* **LISTED ENTRIES**:

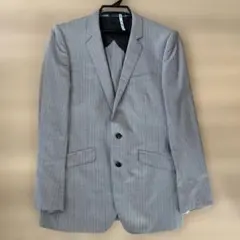 PSFA グレー ストライプ ビジネスジャケット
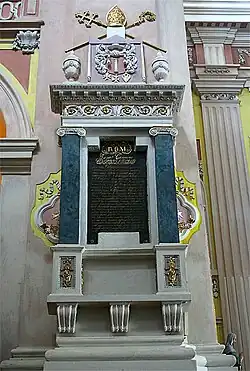 Épitaphe de Kacper Kazimierz Cieciszowski&nbsp;(en)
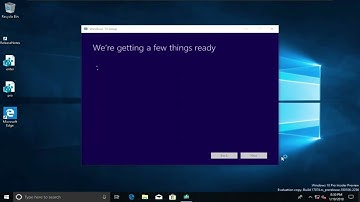 Installing Windows 10 build 17083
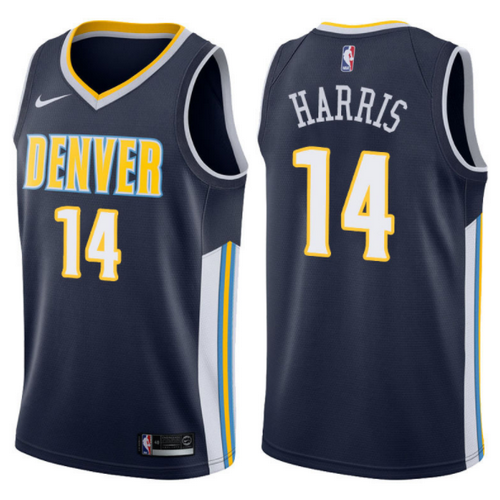 maglia gary harris 14 2017-2018 denver nuggets navy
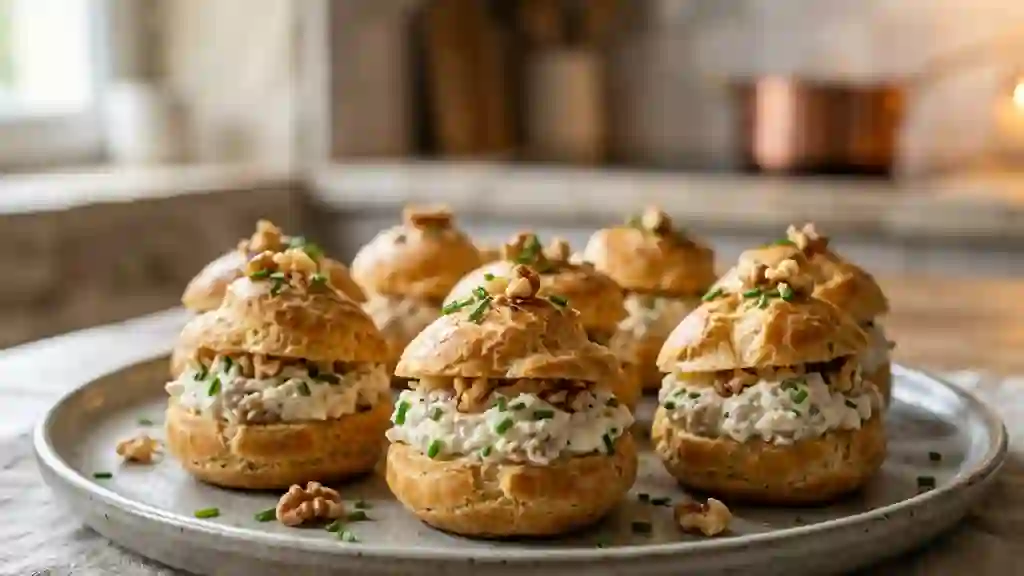 Profiteroles Craquantes au Fromage et Noix - Photo de présentation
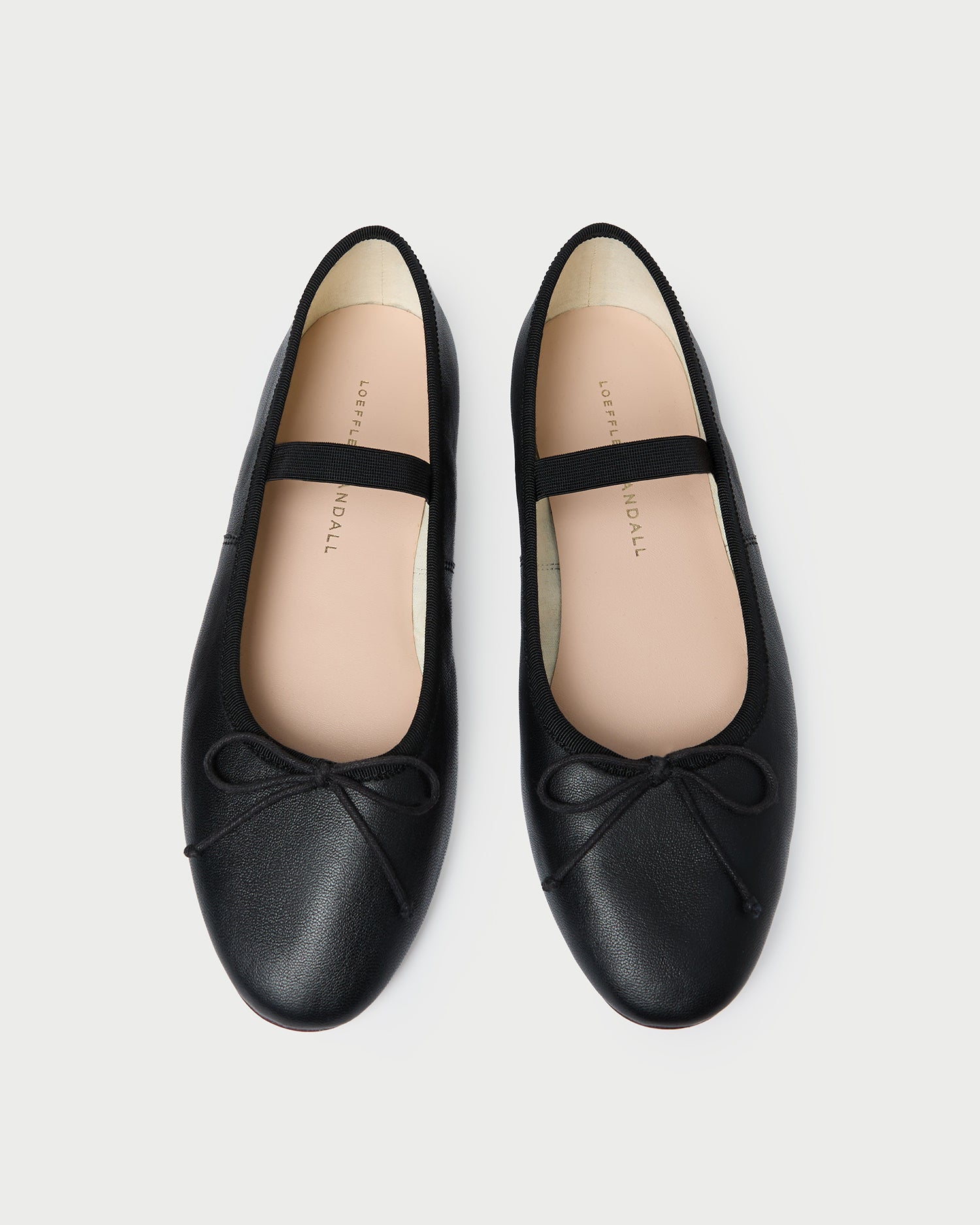 Leonie Black Leather Ballet Flat | Flats | Footwear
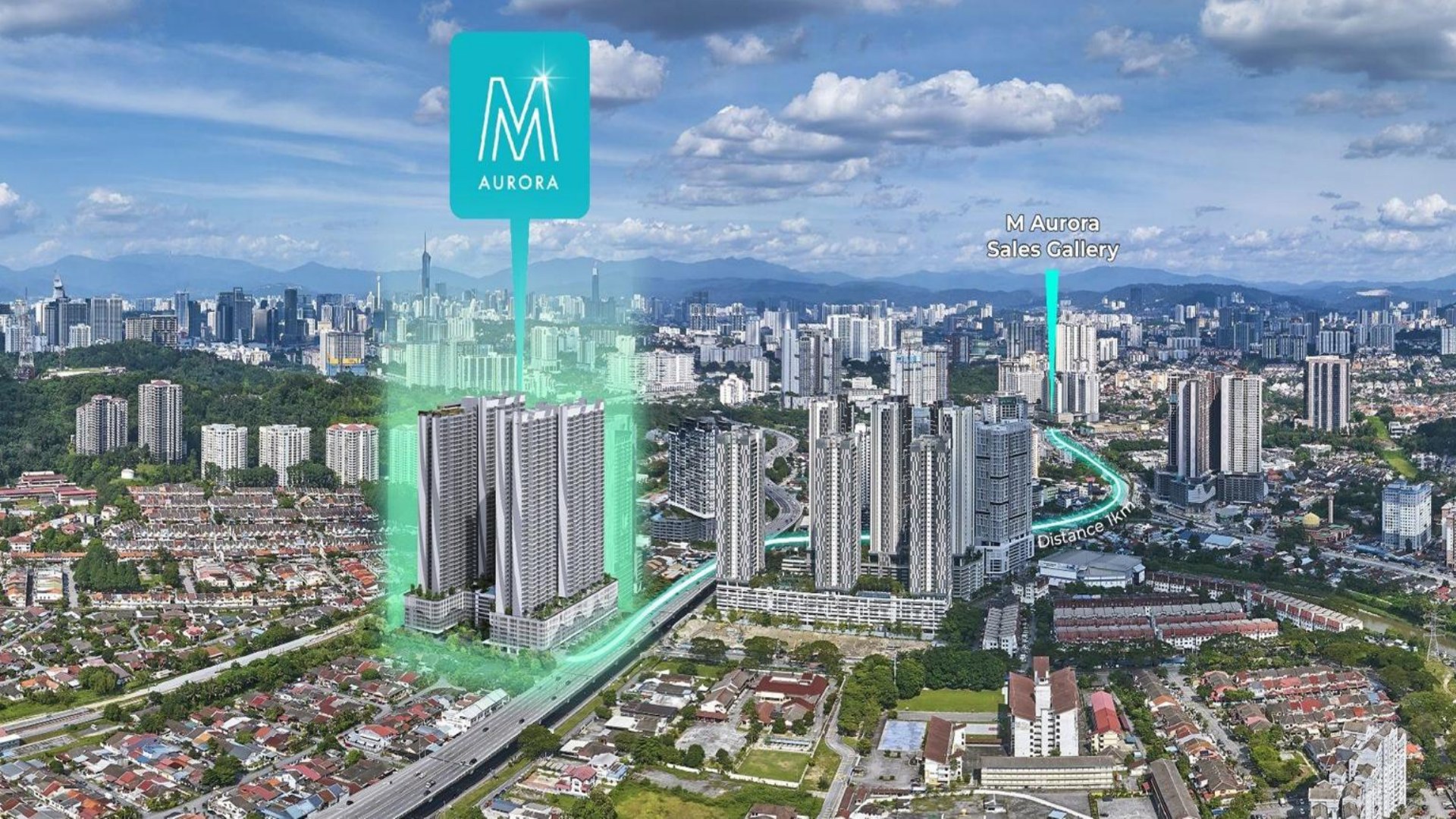 M Aurora connectivity near Old Klang Road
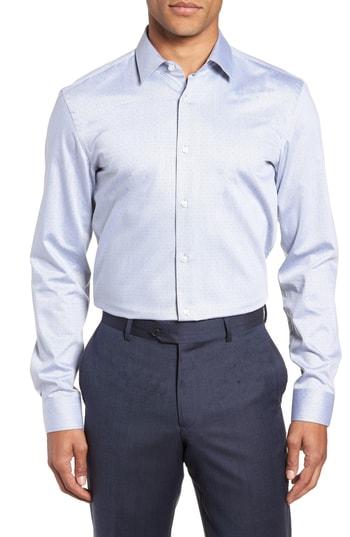 Men's Boss Isko Slim Fit Dot Dress Shirt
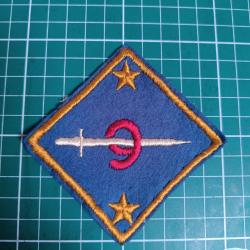 Insigne US WWI - 9th Division "Old Reliables" - Variante LUXE &agrave; la Ba&iuml;onnette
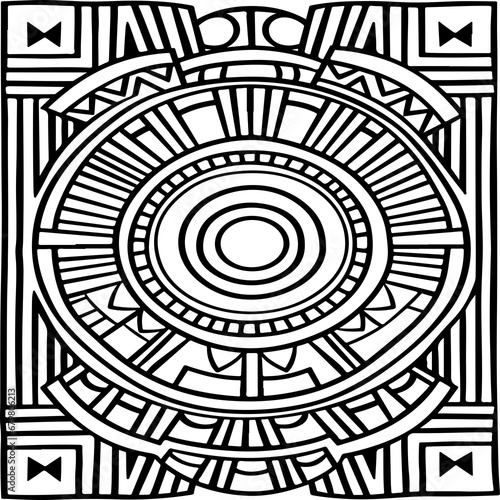 african Mandala coloring page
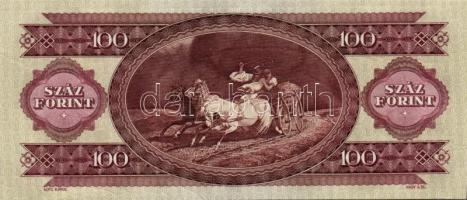1984. 100Ft (6x) egymás utáni sorszámmal, nyomdai papírránccal T:I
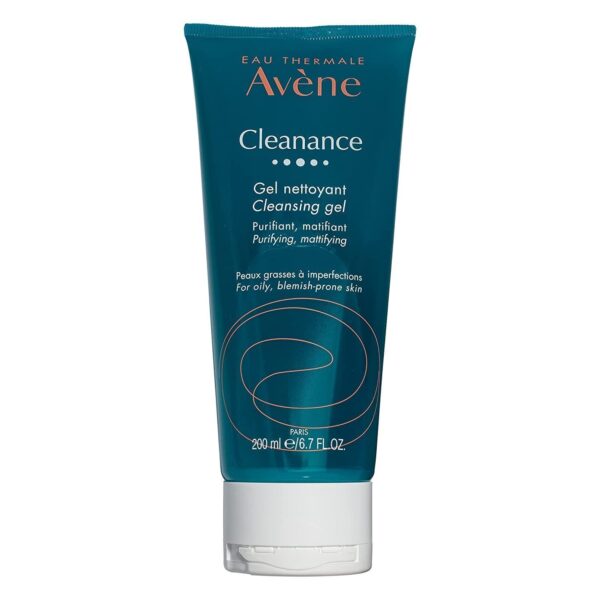 Avene Cleansing gel 200 ml oily, blemish-pron skin ايفين غسول جل للبشرة الدهنية المعرضة للحبوب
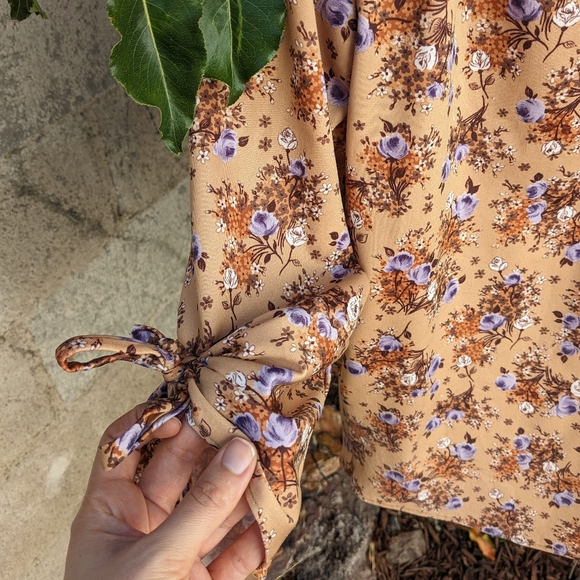 70s VTG Floral top - Picture 5 of 5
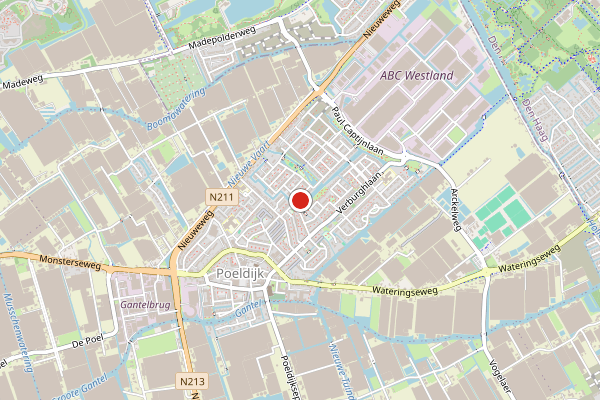 Brandweer-melding op Rookmelder Duinbeek, Poeldijk op 31 juli, kaart-overzicht
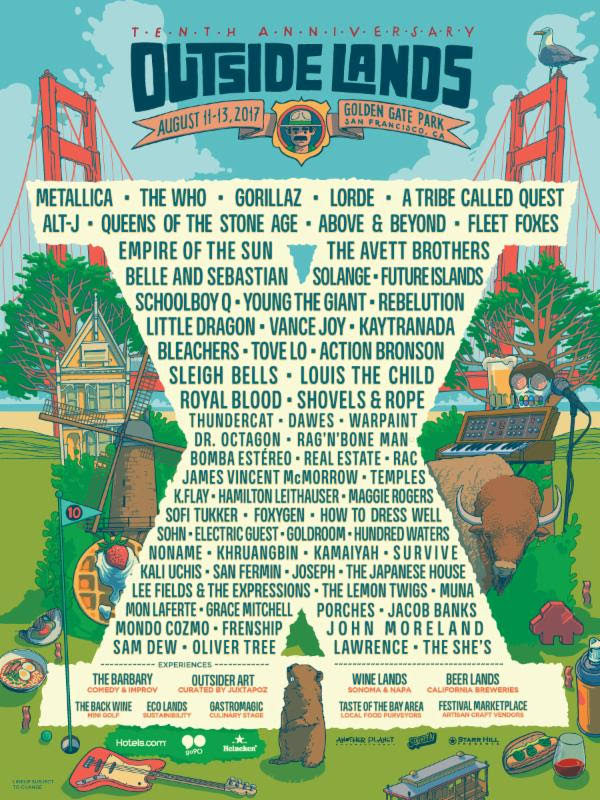 Gorillaz, Lorde, A Tribe Called Quest, And More To Play Outside Lands 2017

* **DIRECTIONS FOR THIS TASK**: Give back exactly the lines running from the one that contains "70s VTG Floral top - Picture 5 of 5" to the end of the records, including both of those lines and excluding every picture.

* **COMPLETED TASK**:
 70s VTG Floral top - Picture 5 of 5
 Brandweer-melding op Rookmelder Duinbeek, Poeldijk op 31 juli, kaart-overzicht
 Gorillaz, Lorde, A Tribe Called Quest, And More To Play Outside Lands 2017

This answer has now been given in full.